Preventative methods

This SBU report shows that there is scientific evidence indicating that the risks of sustaining an anal sphinc­ter injury is lower when an episiotomy is performed prior to vacuum assisting a delivery for women giving birth for the first time who have a low to moderate risk of anal sphincter injury. Ap­plying vacuum assist­ance is a risk factor, and the protective effect of an episiotomy is cancelled out when more than three additional risk factors exist, such as if the infant is big, if the pushing phase is long, or if the woman is advanced in age or has previously had an anal sphinc­ter injury. To prevent an anal sphinc­ter injury to one women, episiotomies would need to be performed on approximately twelve women. An episio­tomy can be considered a grade two injury to the perineum and vaginal wall that is caused by health care providers. The injury from an episiotomy will require suturing so that all of the muscle attachments are reconstructed. What is more, women with anal sphincter injuries that are found and sutured correctly rarely develop any negative symptoms. The balance between risk and benefit for episiotomies is therefore not entirely straightforward, and depends heavily on the reliability of the diagnostic methods used to detect anal sphincter injuries. An episiotomy may be unavoidable if the baby needs to be delivered quickly. However, the routine use of episiotomies for vaginal births to protect the mother from anal sphinc­ter injuries is not supported by the scientific evidence presented in this report, nor is it recommended by WHO.

Staff training initiatives conducted in countries neigh­bouring Sweden incorporated multiple components whose effectiveness were not independently assessed. It was suggested that manually protecting the perineal region was an important component despite this technique never having been studied independently in randomised controlled studies. The rate of epi­siotomies increased after these staff training initiatives. It was not clear whether this increase in episiotomies was specifically linked to vacuum assisted deliveries involving women who were giving birth for the first time. There is a risk that focusing on prevention could result in injuries being underreported, as staff will receive positive feedback when it is perceived that they have prevented tearing. The lack of objective diagnostics regarding anal sphincter tearing means the results should be interpreted with caution. It is believed that applying warm compresses to the perineal region can prevent anal sphincter injuries. However, it is not possible to determine if the warm compresses are responsible for the effect, or if it is due to the mechanical protection of the perineum the method affords.

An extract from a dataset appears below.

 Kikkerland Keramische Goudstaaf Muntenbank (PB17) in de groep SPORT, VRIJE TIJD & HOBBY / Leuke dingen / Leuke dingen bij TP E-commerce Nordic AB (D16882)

During childbirth, there are two individuals with basically the same human dignity that must be given consideration, the mother and the infant. Occasion­ally a decision must be made to cause harm to one of the individuals to prevent harm to the other. For instance, by accelerating delivery with vacuum assist­ance, forceps or episiotomy when there is an immin­ent risk that the baby is not getting enough oxygen could inflict an injury on the mother that will result in a lifelong handicap. There is always an ethical dilemma, even when the decision is medically motivated; how big does the risk to the child need to be to motivate performing a procedure which will increase the mother’s risks of being injured?

Evidence gaps and future research

We have identified the following evidence gaps regard­ing the diagnostics for and prevention of anal sphincter injuries:

  • In future studies, the examination methods used to detect birthing injuries should be carefully de­scribed, validated, and reproducible.
  • Research is needed that evaluates diagnostic methods for the routine screening of anal sphincter injuries.
  • There is insufficient research regarding how patient to caregiver ratios, team training, and education effect the rate of anal sphincter injuries.
  • No studies have been identified that investigate pain relief issues associated with diagnostic procedures.
  • More research is needed to establish the risks and benefits of performing episiotomies on women who are vacuum assisted while giving birth for the first time, especially with respect to long-term outcomes.